Seeking to help delineate a middle ground between privacy protections and data collection, the National Institute of Standards and Technology (NIST) has published a preliminary draft of its major new set of guidelines. Called the NIST Privacy Framework: A Tool for Improving Privacy through Enterprise Risk Management, the publication has been posted in the Federal Register, and NIST is seeking comment from any and all concerned parties.
In announcing the publication, NIST noted that it’s based on almost a year of “extensive public conversations,” and explained that many industry stakeholders had asked the standards body to align the Privacy Framework with its already issued Cybersecurity Framework. NIST has taken these suggestions to heart, and says that the two Frameworks are aligned “both structurally and conceptually, and they are designed to be used together.”

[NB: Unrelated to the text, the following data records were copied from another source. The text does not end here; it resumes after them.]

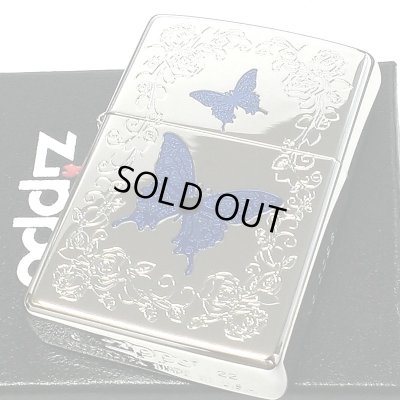 画像2: ZIPPO 限定 ブルーバタフライ ジッポ ライター ローズ シルバー シリアルNo入り 蝶 ホワイトニッケル かわいい スワロフスキー 蝶々 両面加工 美しい バラ ブルー おしゃれ 青 薔薇 メンズ レディース ギフト プレゼント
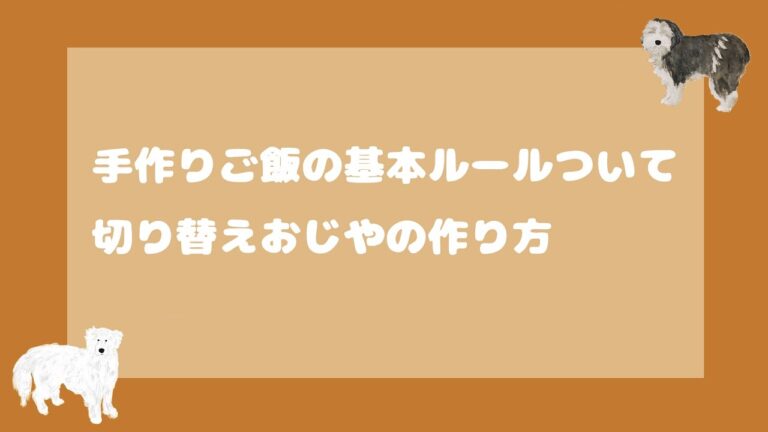 犬ご飯手作り講座｜基本ルールと切り替えおじやの作り方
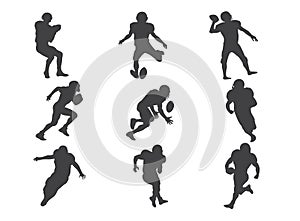 American football players silhouette vector, Rugby players symbol of several American football players in action illustration on a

Like the Cybersecurity Framework, the new Privacy Framework is built around three key parts. The “Core” lays out a set of potential privacy protection activities an organization can undertake and prompts its management to establish their goals, while the “Profiles” section is designed to help organizations determine which activities they should pursue to meet their goals; finally, the “Implementation Tiers” section is aimed at helping organizations to figure out what kinds of resources they really need to invest in managing privacy risks, bearing in mind that a small company won’t necessarily need to spend the kind of money that, say, Facebook ought to put into privacy protections.
NIST is currently inviting public comments on its draft Privacy Framework, with the window to remain open until 5:00pm EDT on October 24th. From there, the organization is hoping to have version 1.0 of the Framework published by the end of this year.